La clara crítica al mercado del arte se encendió más cuando días después el creador David Datuna se comió el plátano y dijo que su acción era parte de un performance titulado Artista hambriento. Los espectadores presenciaron el hecho con ojos de asombro, como si Datuna se estuviera comiendo cientos de dólares.
A la misma vez, Sarah Adelman, quien adquirió la obra, puso el grito en el cielo, pero la galería la tranquilizó anunciando que la pérdida del plátano no devaluaba la pieza. Tal es así que su autor pidió que cambiaran el banano cada siete o 10 días para que no se pudriera. Y para mayor tranquilidad y sosiego, sus instrucciones fueron transmitidas a la compradora junto a un certificado de autenticidad.
La polémica —tan efímera como el plátano que la alimentó— tuvo lugar mientras la escultora china Luo Li Rong moldeaba sus figuras de bronce, esculturas de una naturalidad increíble inspiradas en el arte del Renacimiento, que capturan la belleza y el movimiento de una manera asombrosa, demostrando que en este mundo moderno, donde lo perecedero se ha puesto de moda, todavía la verdadera belleza desafía el tiempo.
Para algunos críticos, no debe existir una distinción entre arte bueno y malo porque todo es solo arte, quedando la valoración a merced de las predisposiciones morales, sociales y económicas del espectador, quien desde tales apreciaciones lo categoriza.
Sin embargo, soy de los que opina que al dejar el valor de la obra al juicio moral-económico-social de quién la observa, termina por supeditarla a sus herramientas de análisis, que pueden ser mayores o menores de acuerdo a tales condicionantes.
No quiere decir que desestime lo que cada quién pueda sacar de conclusión al contemplar una obra de arte. Como escribiera el artista francés Marcel Duchamp (1887-1968), “contra toda opinión, no son los pintores sino los espectadores quienes hacen los cuadros”.
La reflexión personal es de sumo valor y es lo que el individuo se llevará consigo de la obra que ha visto. Pero la apreciación del arte se relaciona directamente con el gusto. Y que una pieza guste o no, no le quita o le suma al valor “real” que ella tiene.
Por ejemplo, el Dibujo de De Kooning borrado (1953), de Robert Rauschenberg; Mierda de artista (1961), de Piero Manzoni, y La civilización occidental y cristiana (1965), de León Ferrari, son tres de las piezas más famosas del arte conceptual, en el que la idea es más importante que la obra de arte como objeto físico o materia.
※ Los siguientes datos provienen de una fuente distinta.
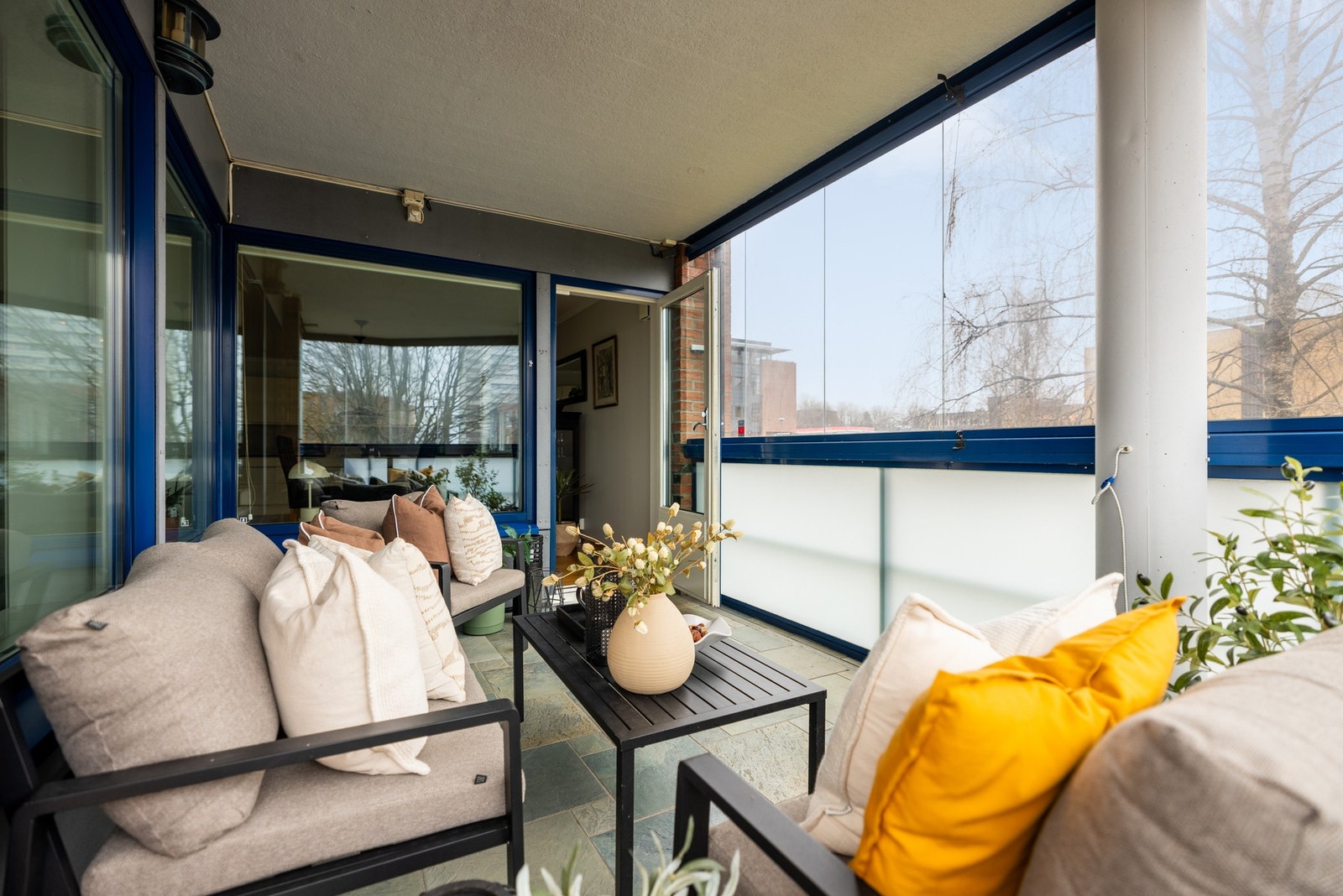 Balkongen har et gulvareal på ca. 10 m² og det er god plass til møblering Galleribilde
Empero, este movimiento artístico no goza de tanta preferencia del público, a pesar de sus mensajes contra la guerra de Vietnam, en defensa de la mujer, de la protección del medioambiente o de alerta por el uso desmedido de las nuevas tecnologías.
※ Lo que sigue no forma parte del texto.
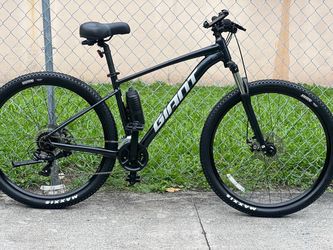 Giant Talon 4 MTB , 29” wheels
Respeto los criterios que respaldan y justifican desde la academia la existencia de este tipo arte, en la mayoría de los casos menos rigurosos con la “belleza” de la obra. No obstante, soy de los que prefiere deleitarse con La noche estrellada, de Vincent Van Gogh; Las señoritas de Avignon, de Pablo Picasso, o La persistencia de la memoria, de Salvador Dalí, en el Museo de Arte Moderno de Nueva York.
De hecho, el absurdo alrededor del famoso plátano de marras pudo sonar a burla. Pero para suerte de algunos, en esos días el Museo del Prado, de Madrid, celebraba por todo lo alto los 200 años de fundado, orgulloso de su legendaria colección.
Y en sus amplias salas solo hay que detenerse a disfrutar Las meninas, de Diego Velázquez; El jardín de las delicias, de El Bosco; La maja desnuda, de Francisco de Goya, o Dánae recibiendo la lluvia de oro, de Tiziano, para coincidir con José Martí en que el arte no es más que “la forma de lo divino, la revelación de lo extraordinario”.